Data to examine
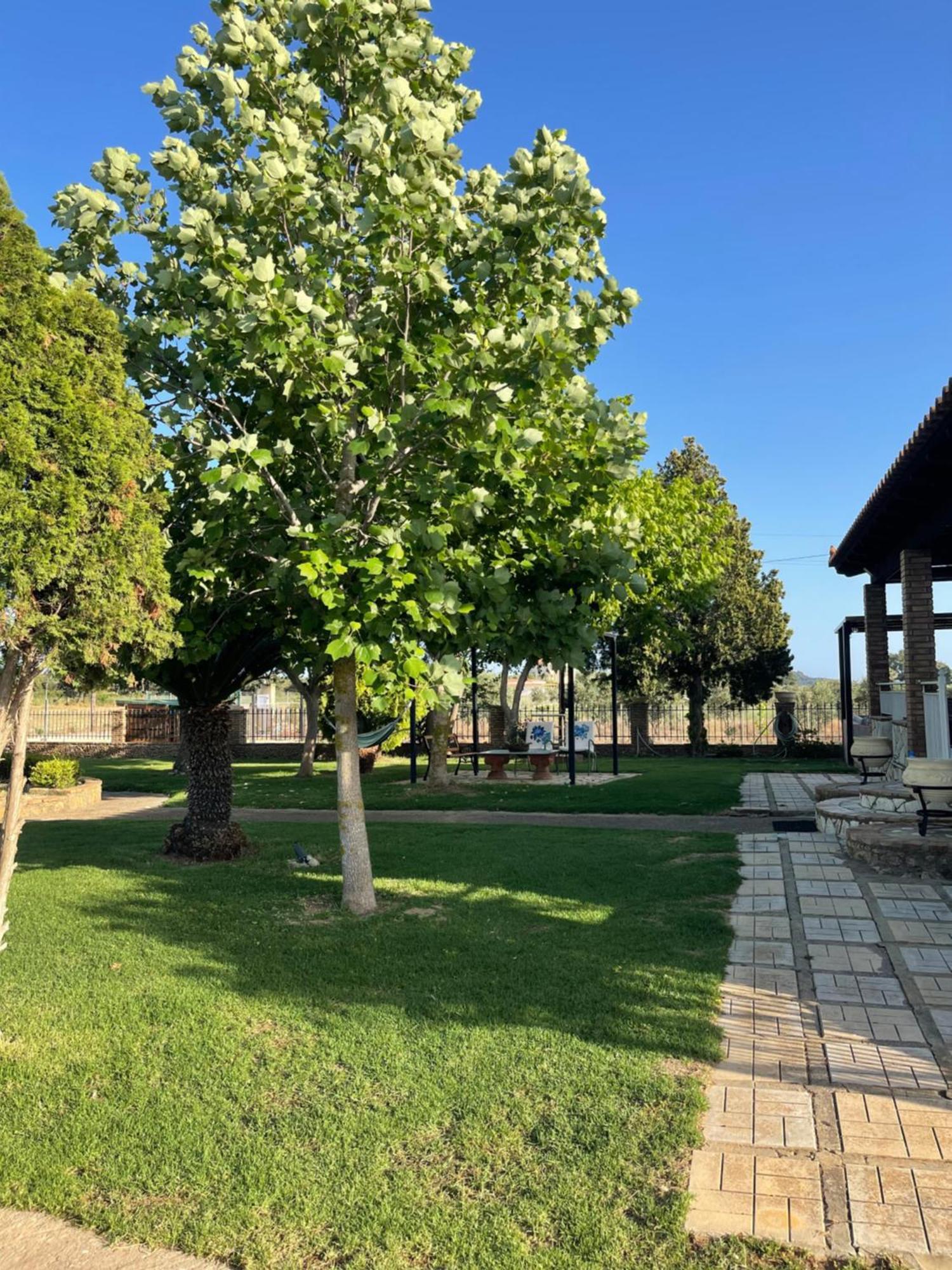 Mama'S Sunshine Garden Villa Agios Ilias  Exteriér fotografie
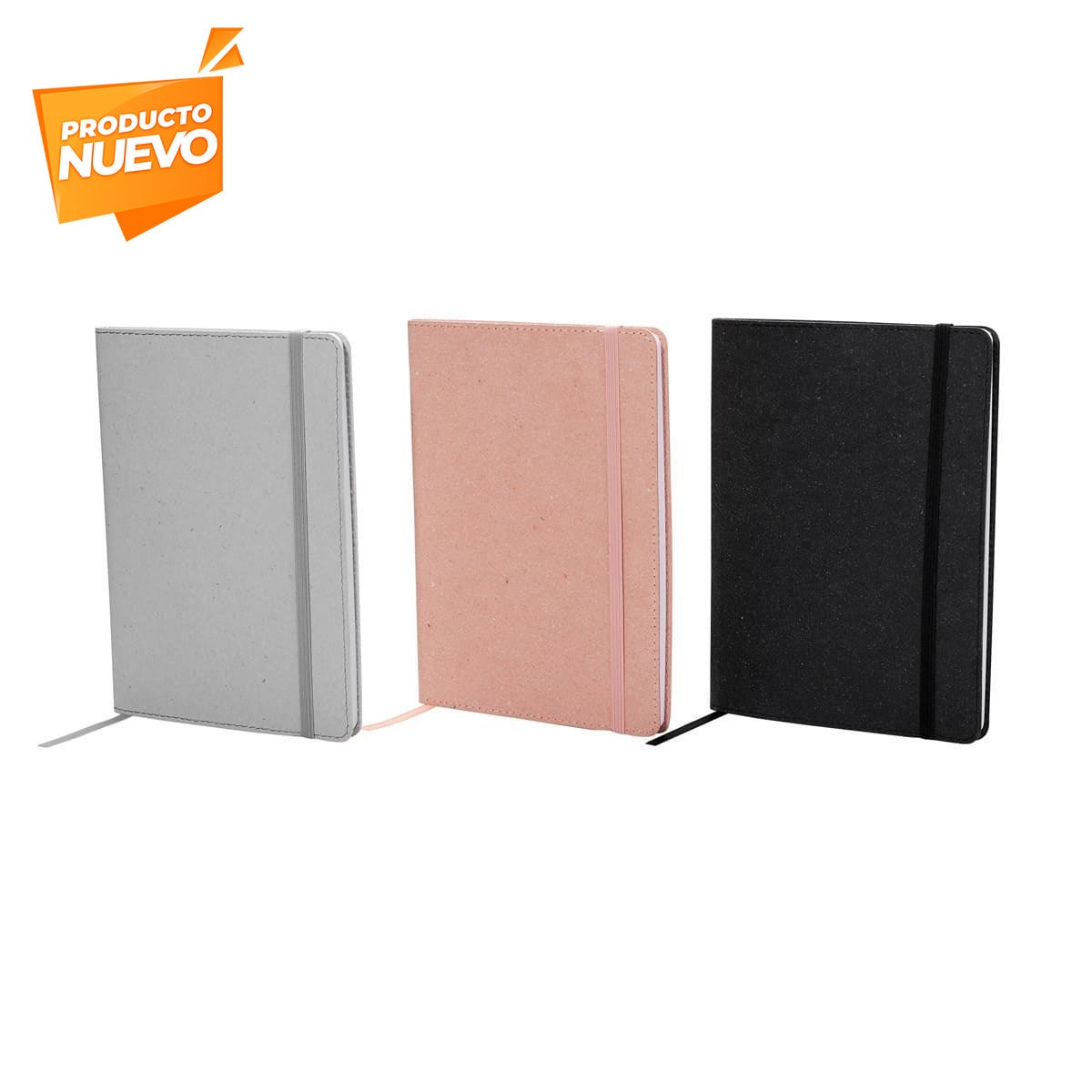 CAMUS NOTEBOOK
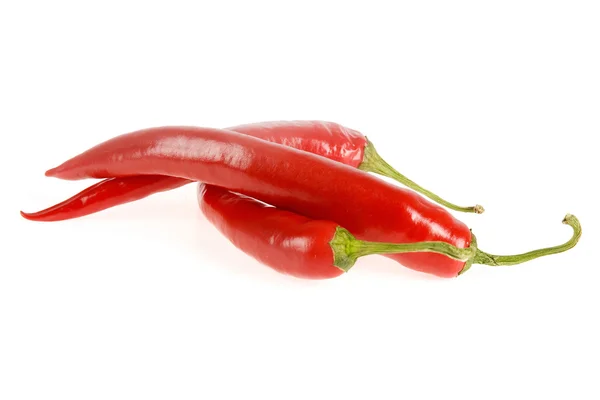 stock image Red pepper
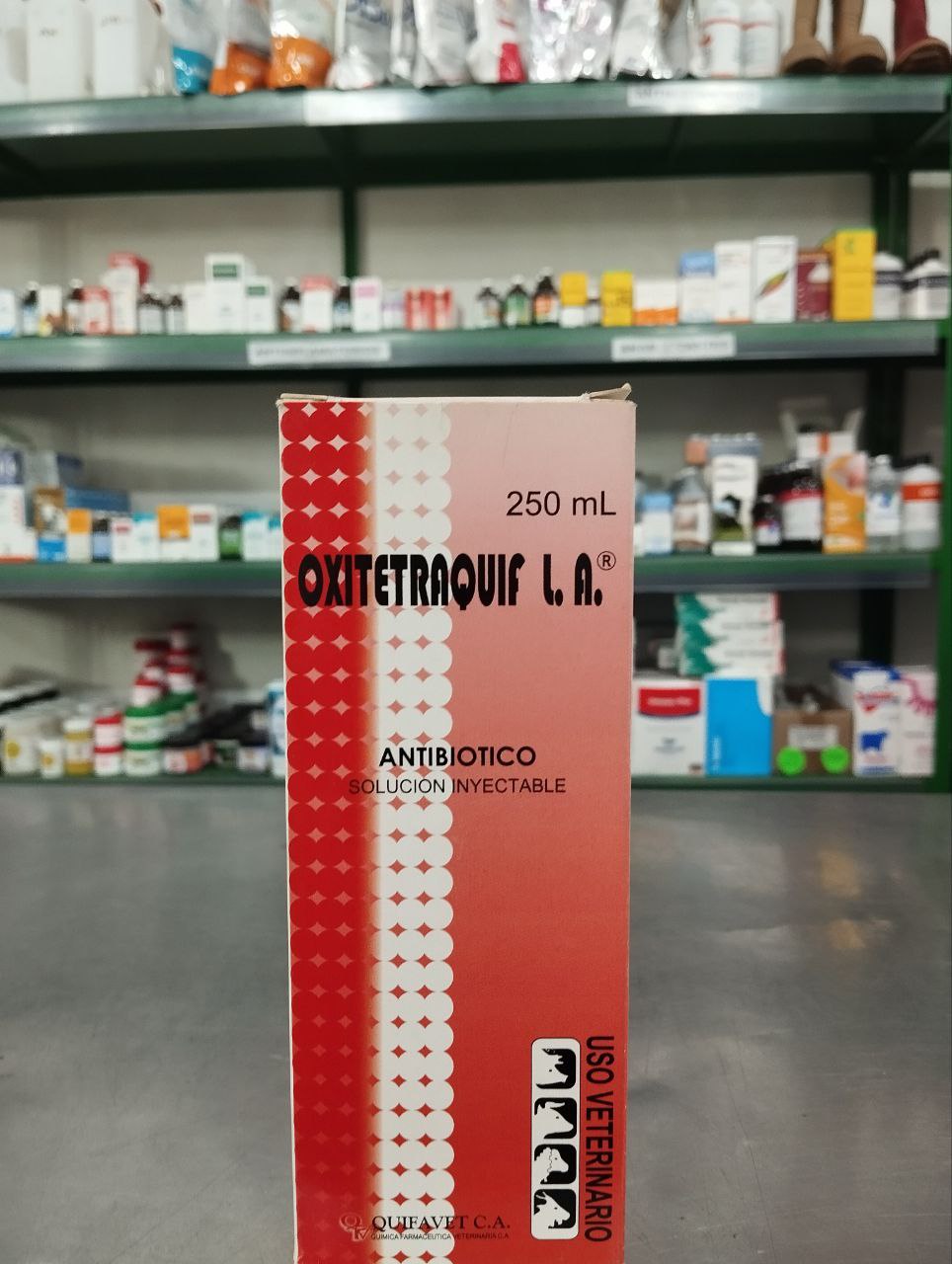 5174774115636808579_121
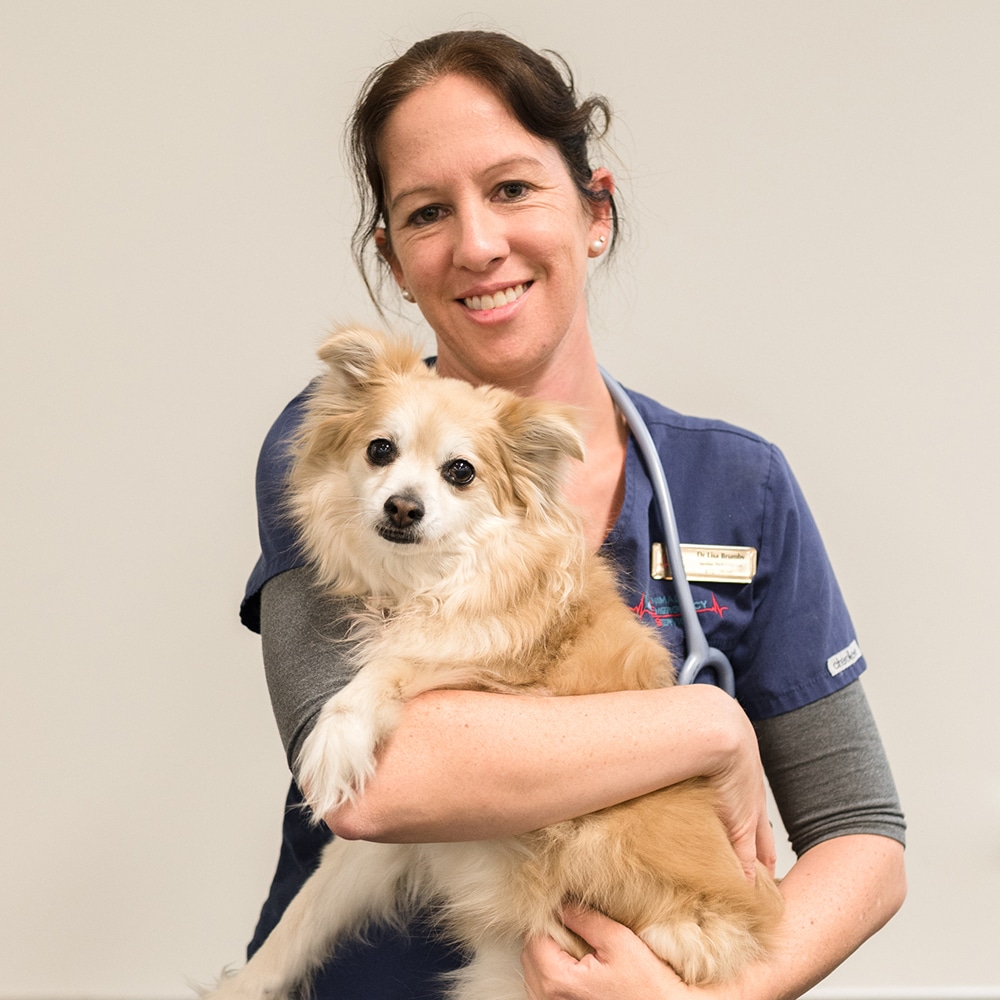 Animal Emergency Service Carrara Veterinarian Dr Lisa Brumby with her dog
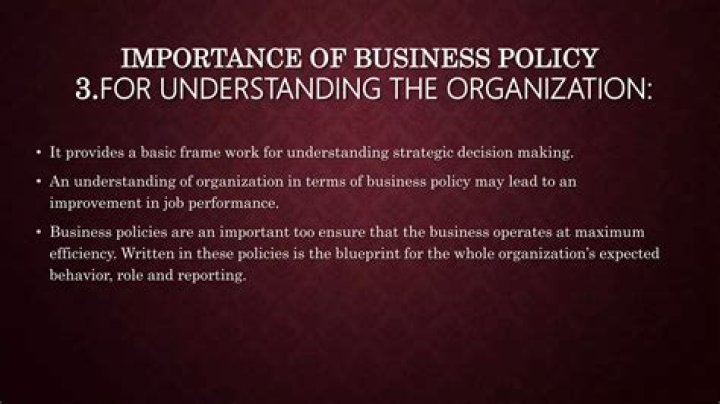 What is nature and importance of business policy?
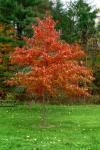 Träd med röda blad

Exercise brief
Repeat the data exactly, dropping every picture it holds.

Solution to this exercise
 Mama'S Sunshine Garden Villa Agios Ilias  Exteriér fotografie
 CAMUS NOTEBOOK
 stock image Red pepper
 5174774115636808579_121
 Animal Emergency Service Carrara Veterinarian Dr Lisa Brumby with her dog
 What is nature and importance of business policy?
 Träd med röda blad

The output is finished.